- **PROBLEM DETAILS**
A word-for-word reproduction of the data below is needed, with no pictures in it.

- **SOURCE DATA**
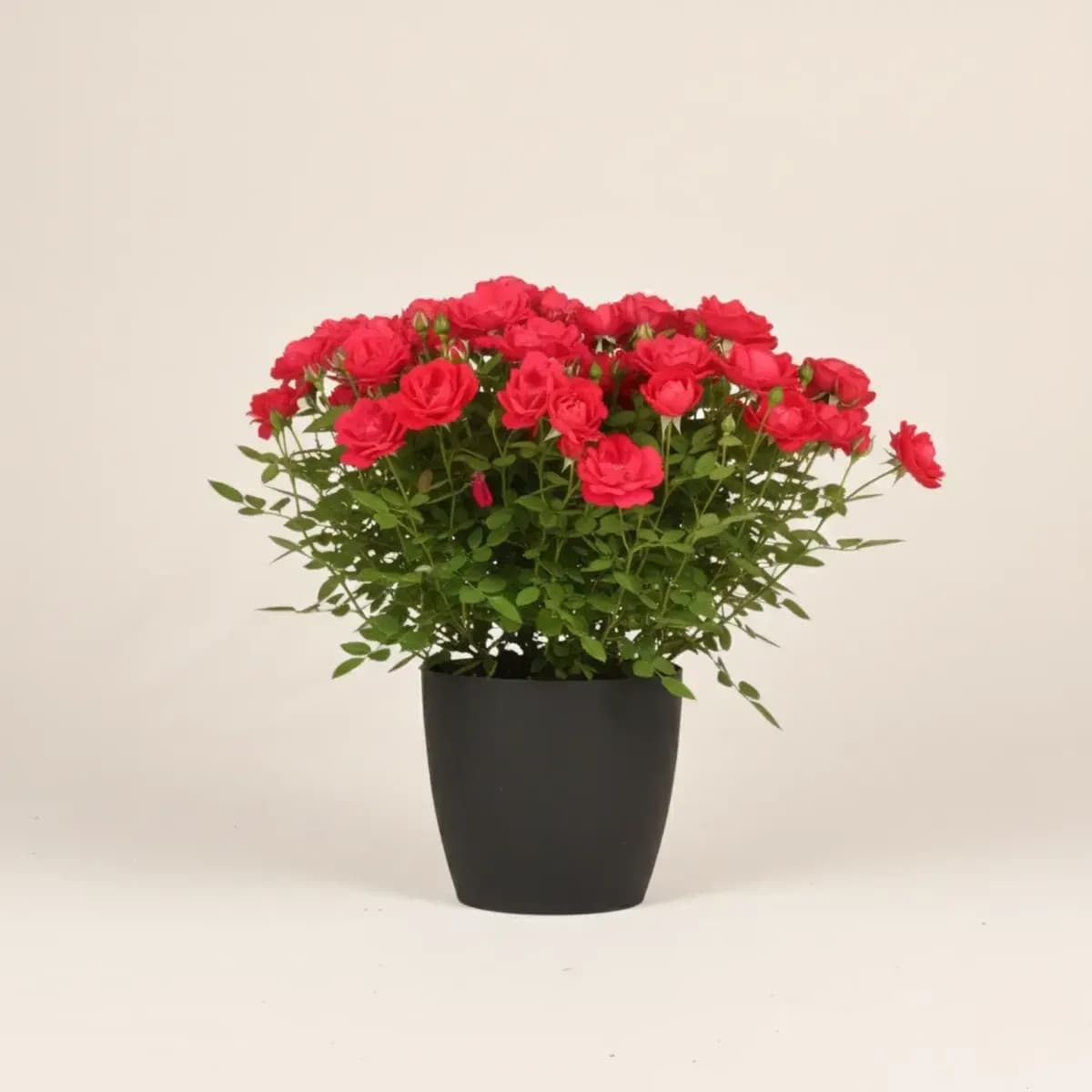 Button Rose (Red)
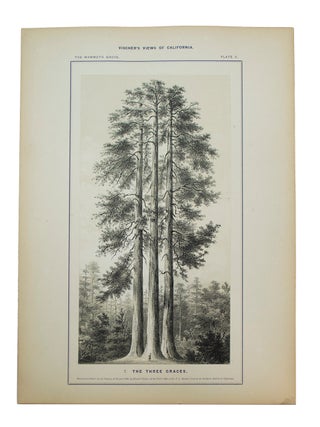 Vischer's Views of California: The Mammoth Tree Grove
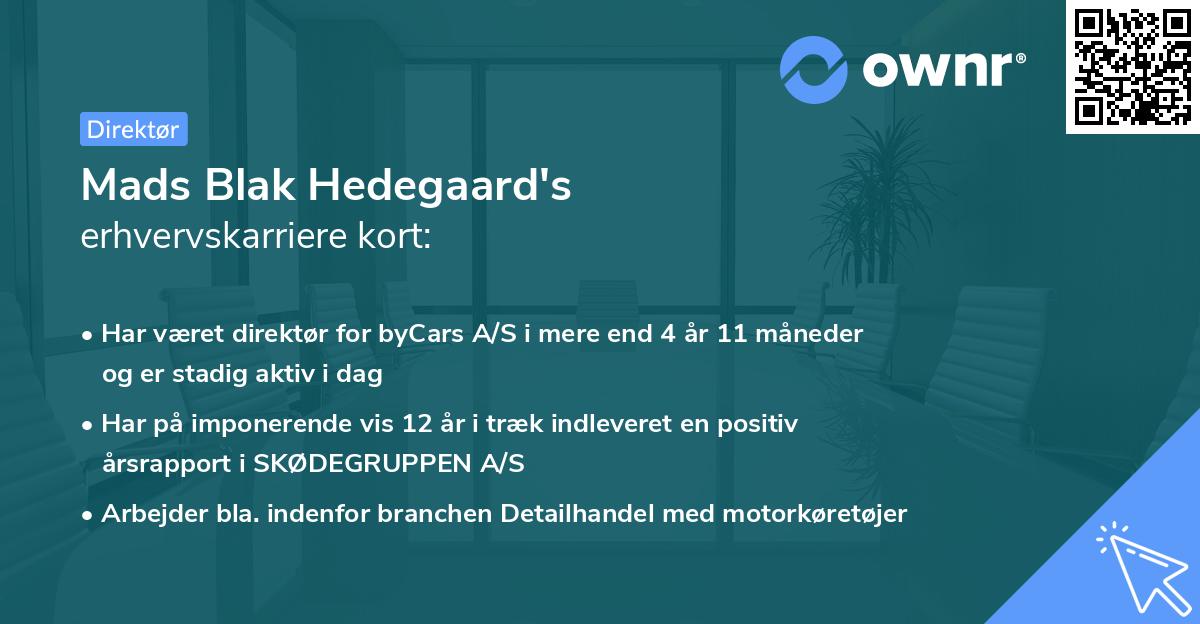 Mads Blak Hedegaard's erhvervskarriere kort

- **RESPONSE**
 Button Rose (Red)
 Vischer's Views of California: The Mammoth Tree Grove
 Mads Blak Hedegaard's erhvervskarriere kort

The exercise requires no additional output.